Problem statement :: Transcribe the following records exactly, images excluded.

Input records ::
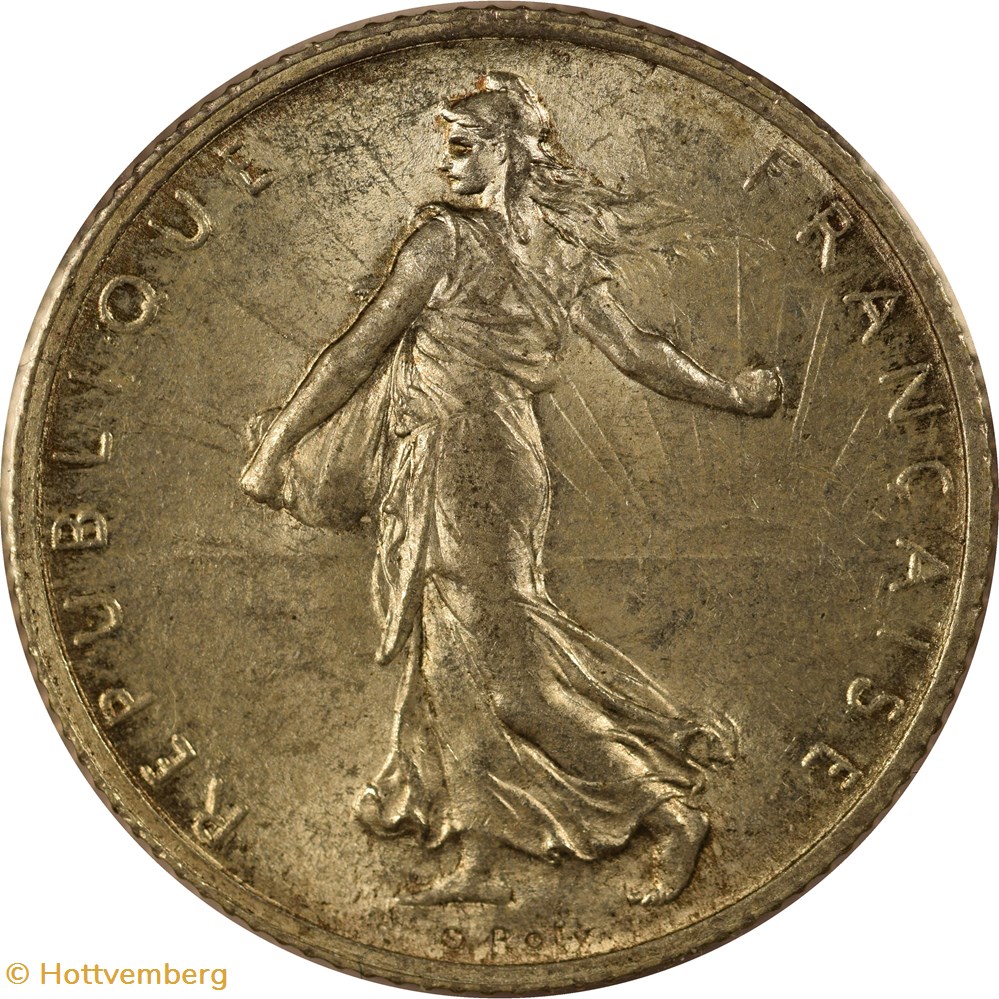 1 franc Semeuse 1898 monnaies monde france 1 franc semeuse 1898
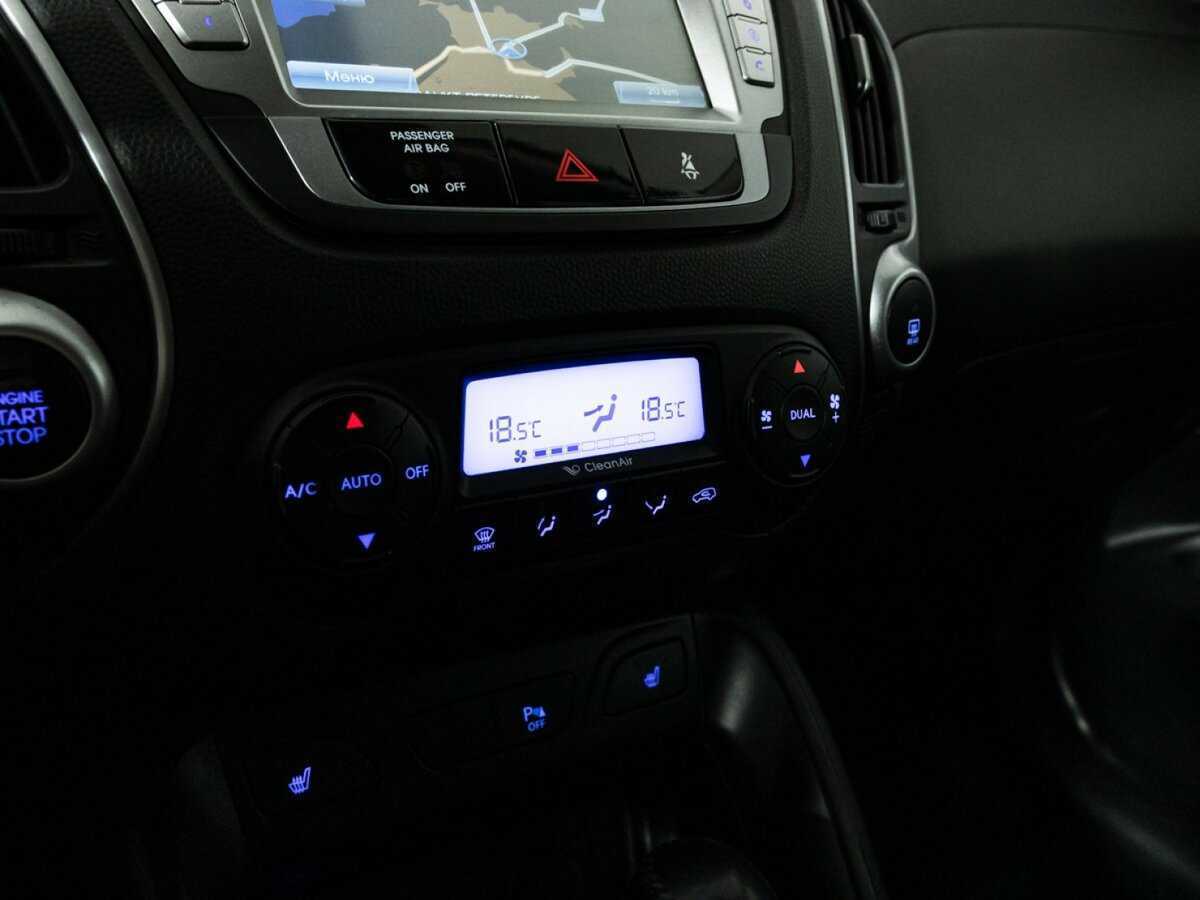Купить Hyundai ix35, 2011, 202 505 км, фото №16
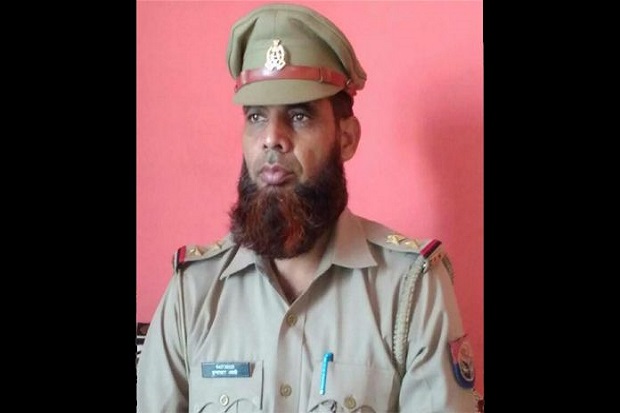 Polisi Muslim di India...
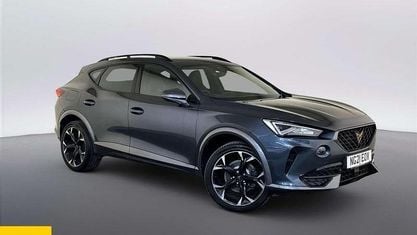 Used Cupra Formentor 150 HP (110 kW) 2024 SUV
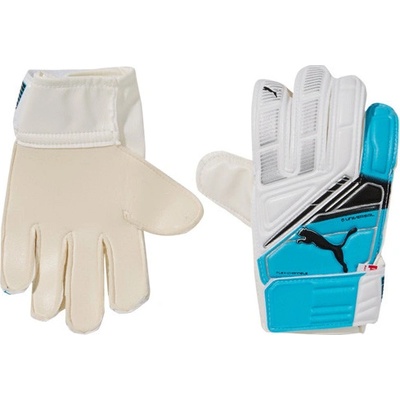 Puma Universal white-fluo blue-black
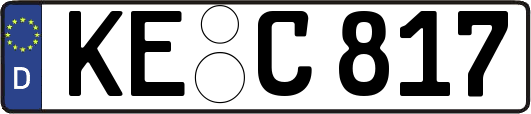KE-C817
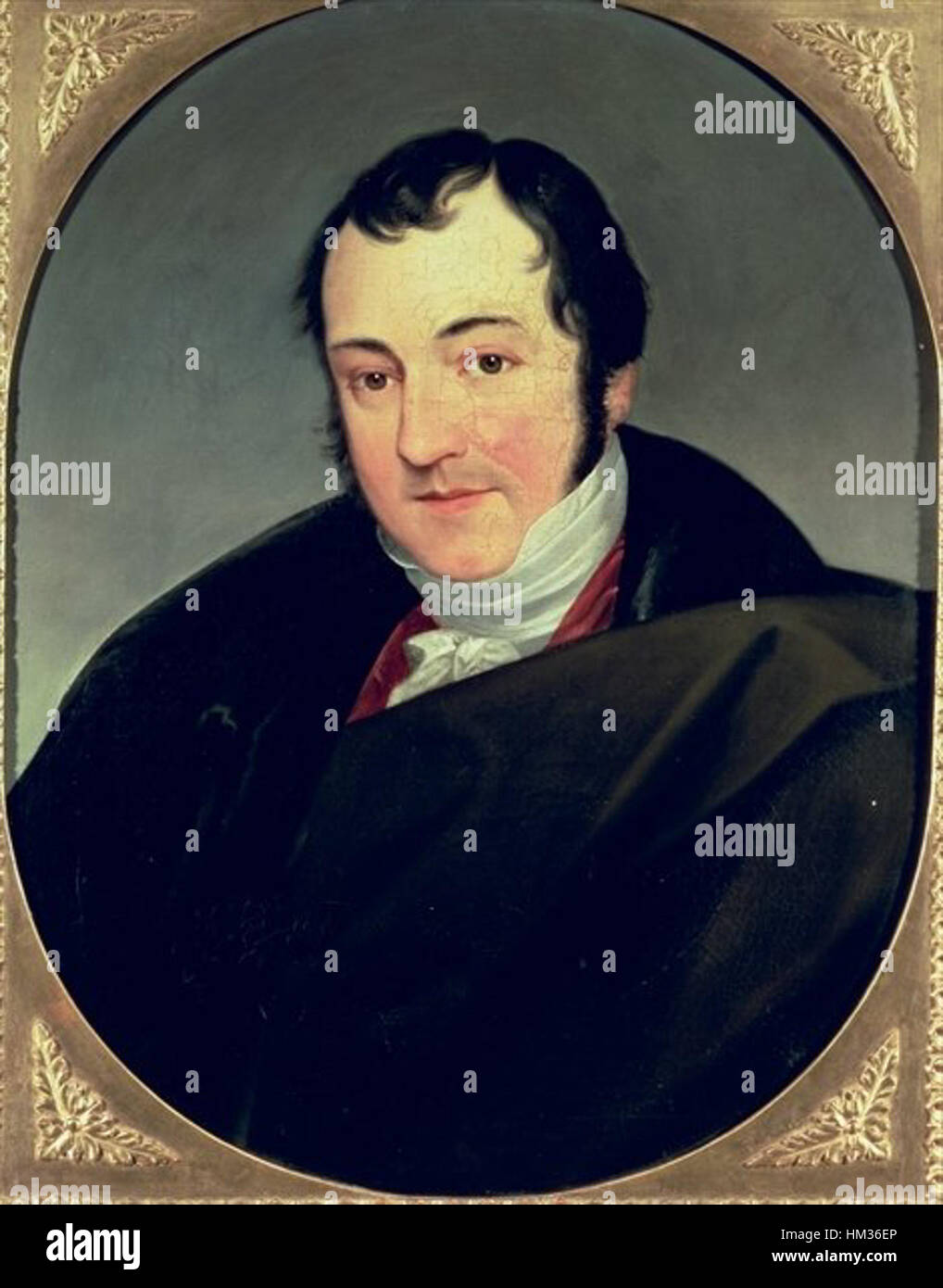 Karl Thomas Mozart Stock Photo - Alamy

Result for this exercise ::
 1 franc Semeuse 1898 monnaies monde france 1 franc semeuse 1898
Купить Hyundai ix35, 2011, 202 505 км, фото №16
 Polisi Muslim di India...
 Used Cupra Formentor 150 HP (110 kW) 2024 SUV
 Puma Universal white-fluo blue-black
KE-C817
 Karl Thomas Mozart Stock Photo - Alamy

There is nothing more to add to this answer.